Así se trata a la investigación científica en España. Como a la falsa moneda, que por todas manos pasa y ninguno se la queda. En el nuevo gobierno ZP –sin muchas sorpresas, con el trípode formado por de la Vega, Solbes y Rubalcaba controlando todo y el resto sin más porvenir que el de dar cuenta del catering en los consejos de ministros (o de ministras, como insisten algunos en cambiar el nombre) –, el negociado que me (nos) interesa ha vuelto a cambiar de parcela. Una nueva reconversión, un nuevo collar para un mismo perro con tanto hambre como hace dos décadas. Recuerden, o recordemos, los vanos esfuerzos que ya el PP hizo por aquellos años mozos intentando adornar este santo que nadie quiere venerar, ni tan siquiera respetar. Llamole al invento
Ministerio de Ciencia y Tecnología, preocupado como estaba por meter el cazo en el entonces floreciente negocio de la telefonía móvil y la famosa concesión de licencias que acabaron costando entonces casi lo que hoy un pisito. Puso a una tal Ana Birulés, que pasó por allí mirando el paisaje, y eso que venía del gremio. Luego colocó al ahora defenestrado y maldito entre sus correligionarios Josep Piqué. Piqué era un tipo listo y así le fue. Amordazado en el fondo de la caverna. Luego, al final de sus días, Aznar –por poner a alguien– nombró a Joan Costa, cuya efímera gestión se centró en acompañar al Soberano a tierras polares a ver las focas y, de paso, a unos cuantos científicos españoles desperdigados pasando hambre, frío y toda suerte de calamidades. Y es que la Antártida no es Marbella. La expedición y el propio ministerio terminaron mirando a otro lado, a las auroras australes, por ejemplo, que tienen su punto.

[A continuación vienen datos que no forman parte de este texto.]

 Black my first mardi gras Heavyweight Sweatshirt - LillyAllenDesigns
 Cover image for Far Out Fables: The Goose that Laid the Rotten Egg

Desde ayer tenemos nueva chica en la oficina, se llama Cristina y es divina. Cristina Garmendia, por más señas. Forma parte –para su desgracia– de ese elenco de féminas florero que Zapatero se empeña en colocar en cada gobierno que preside. Como alguien ha sugerido con acierto por estos lares digitales, no se comprende la política igualitaria de sexos de nuestro electo presidente, porque pone su dedo –que no su mano, no me malinterpreten– sobre un ramillete de jóvenas menores de los cuarenta (Defensa, Igualdad, Vivienda, Ciencia…), mientras que el género masculino amén de estar en minoría también es asaz puretilla. Tal vez la igualdad venga de sumar los años, vaya usted a saber. Pero volvamos a la política científica y a su maltrato: ¿Para cuándo la formación de un observatorio de violencia sobre la ciencia? Día tras día nuestra comunidad de investigadores languidece, las vocaciones disminuyen, los que están pero no son emigran a latitudes más favorables donde puedan solicitar un préstamo hipotecario a los treinta y cinco sin enrojecer al presentar sus credenciales de becario. Bien es cierto –que lo es–, que los presupuestos destinados a las famosas letras
I+D+i (ahora la “i”
chiqui-chiqui ya es parte del título del ministerio: innovación, que es lo único propiamente nuevo que se les ha ocurrido) han aumentado. Pero, ¿en qué dirección? Los grandes proyectos parecen estar sufragados, pertenecemos a los más punteros y prestigiosos organismos internacionales científicos europeos, como ESA –agencia espacial europea–, ESO –observatorio europeo austral–, CERN, etcétera. Pagamos una pasta por ello. ¿Y nuestros investigadores? ¿Y nuestros tecnólogos? Paradójicamente, emigran hacia estos centros a los que ya pertenecemos. Con la única y sutil diferencia de conseguir puestos de trabajo estables cuyo sueldo duplica o triplica lo que aquí se recibe por trabajos de similares características. En otras palabras y simplificando, se pone dinero para que se vayan. Difícil lo va a tener Cristina Garmendia –que, a mi juicio, parece la menos floreada del nuevo florero y que, a diferencia de sus compañeras de jarrón, ha sido cocinera antes que monja– para conseguir volver a ilusionar a la comunidad científica española. Para lograr una comunidad sólida y estable, con contratos indefinidos seriamente pagados y perspectivas fiables de una carrera laboral, que puedan llevar a buen puerto y, sobre todo, en fecha, los numerosos proyectos tanto propios como en colaboración en los que nos hayamos inmersos. Si la comunidad educativa, sanitaria, judicial o incluso militar tienen estos derechos –y la sociedad se beneficia de ello, por cuanto de bueno esto representa–, ¿por qué no también con los científicos? Siempre lo mismo: cambiamos de nombre y sanseacabó.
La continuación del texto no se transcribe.